Another approach which I used in the past was to assign sequence numbers after committing. Basically a separate process periodically scans the set of un-sequenced rows, applies any application defined ordering constraints, and writes in SNs to them. This can be surprisingly fast, like tens of thousands of rows per second. In my case, the ordering constraints were simple, basically that for a given key, increasing versions get increasing SNs. But I think you could have more complex constraints, although it might get tricky with batch boundaries
My approach is: select max(id), and commit with id=max(id)+1. If commit worked, then all good. If commit failed because of unique index violation, repeat the transaction from the beginning. I think it should work correctly with proper transaction isolation level.
That limits you to a few tens of TPS since everything is trying to write the same row which must happen serially. I wouldn't start out with that solution since it'll be painful to change to something more scalable later. Migrating to something better will probably involve more writes per txn during the migration, so it gets even worse before it gets better.
The counter in another table used in the article also serializes all writers to the table. Probably better than the max() approach but still serial.
There needs to be serialization happening somewhere, either by writers or readers waiting for their turn.
What Kafka "is" in my view is simply the component that assigns sequential event numbers. So if you publish to Kafka, Kafka takes the same locks...

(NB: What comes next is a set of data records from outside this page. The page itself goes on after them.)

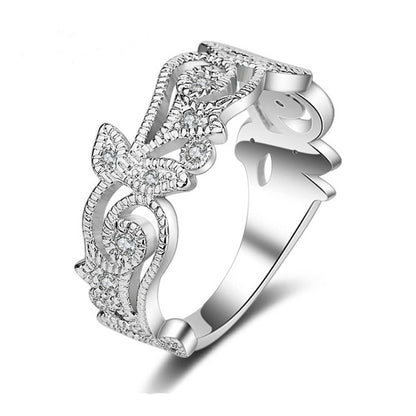 Cubic Zirconia & Silvertone Botany Ring-3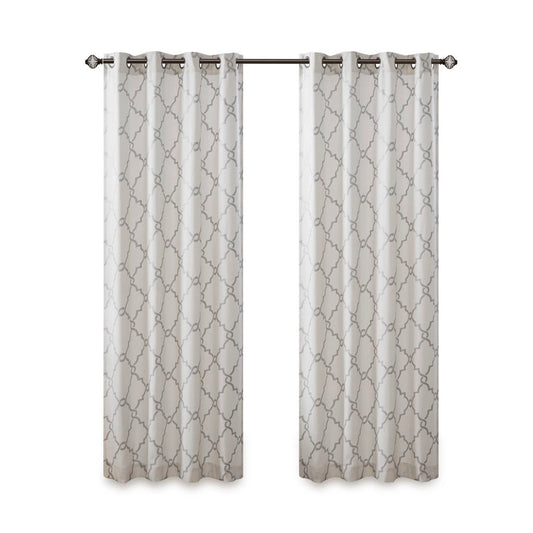 Fretwork Print Grommet Top Window Curtain Panel, Ivory/Grey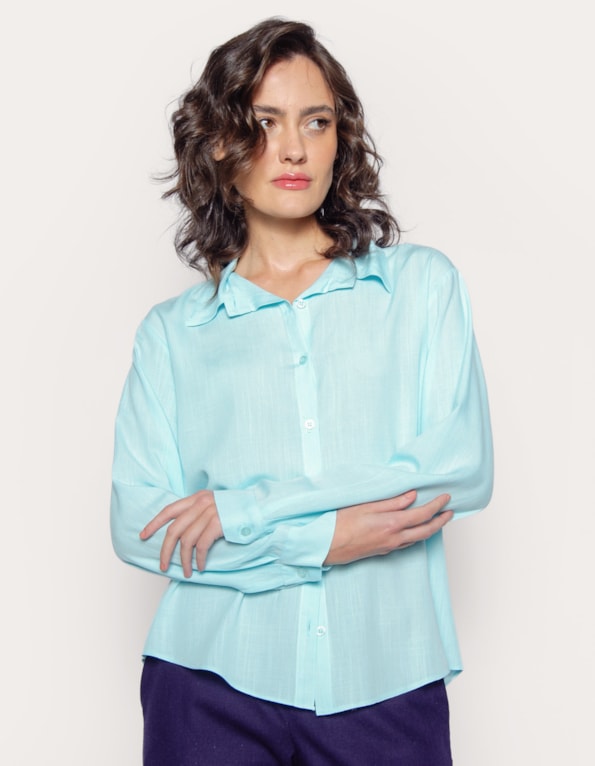 Camisa manga longa Azul claro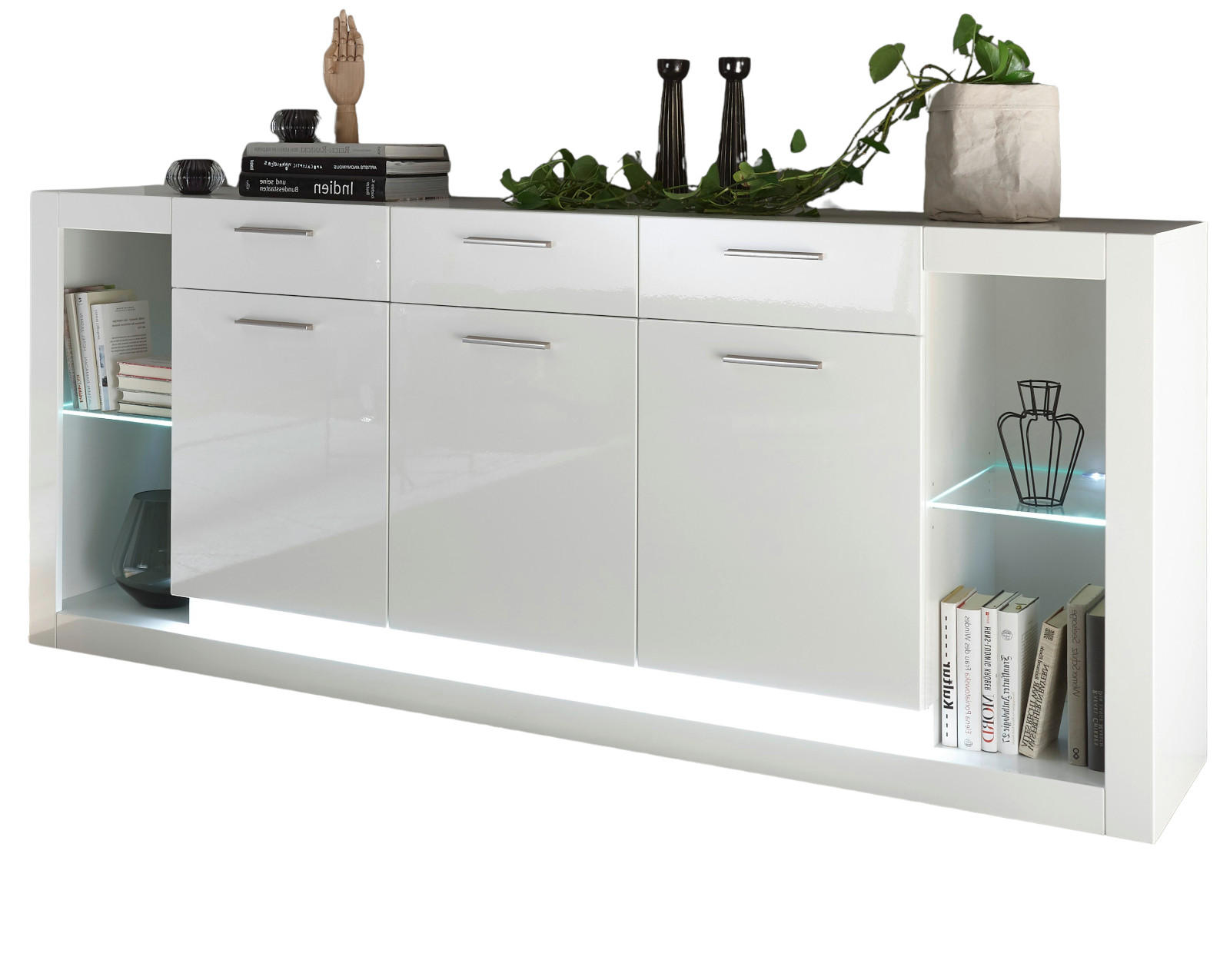 SIDEBOARD weiß Hochglanz 200 cm, große Anrichte mit viel Stauraum - Weiß Hochglanz/Silberfarben, Glas/Holzwerkstoff (198/83/43cm) - Furn.Design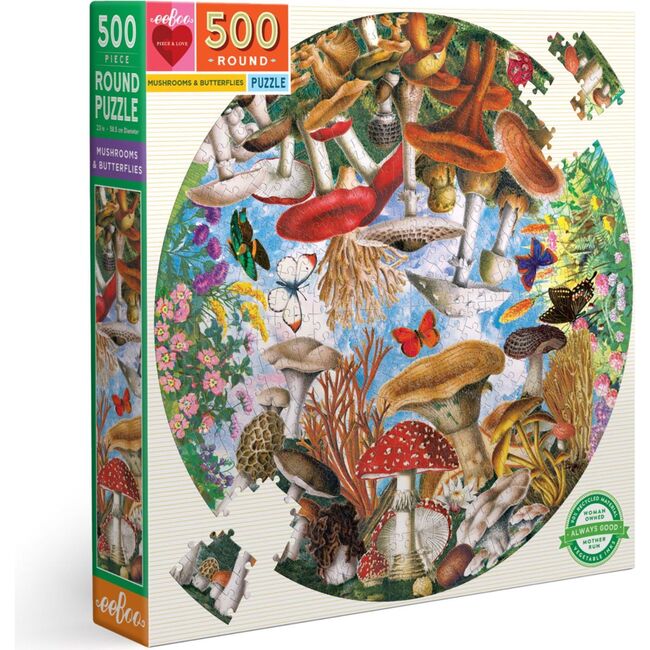 Piece and Love Mushrooms and Butterflies 500 Piece Jigsaw Puzzle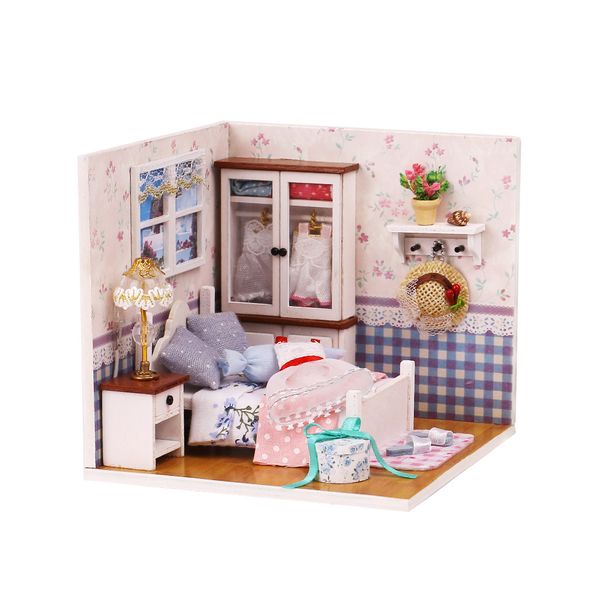 2017 New Doll House Diy Dollhouse Toys With Furniture Led Voice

How to increase throughput is add more shards in a topic.
Does the additional read query cause concern? Or mostly this is ok? (i'm sure the answer depends on scale)
> unique monotonically-increasing offset number
Isn't it a bit of a white whale thing that a umion can solve all one's subscriber problems? Afaik even with kafka this isn't completely watertight.
I have this problem in the system I work on - the short nuance-less answer from my experience is that, once your scale gets large enough, you can't prevent ordering issues entirely and you have to build the resilience into the architecture and the framing of the problem. You often end up paying for consistency with latency.
I think you may be talking past each other. In the approach taken in the article and the parent comment, if the event sequence number allocation of the writer races the reader cursor position in the wrong way, events will NEVER BE DELIVERED.
So it is a much more serious issue at stake here than event ordering/consistency.
As it happens, if you use event log tables in SQL "the Kafka way" you actually get guarantee on event ordering too as a side effect, but that is not the primary goal.
More detailed description of problem:
https://github.com/vippsas/mssql-changefeed/blob/main/MOTIVA...
Funnily enough, I was just designing a queue exactly this way, thanks for catching this. (chat GPT meanwhile was assuring me the approach was airtight)
you're really trying to vibe architect?
Gotta make a living somehow
What about a `DEFERRABLE INITIALLY DEFERRED` trigger that increments a sequence only on commit?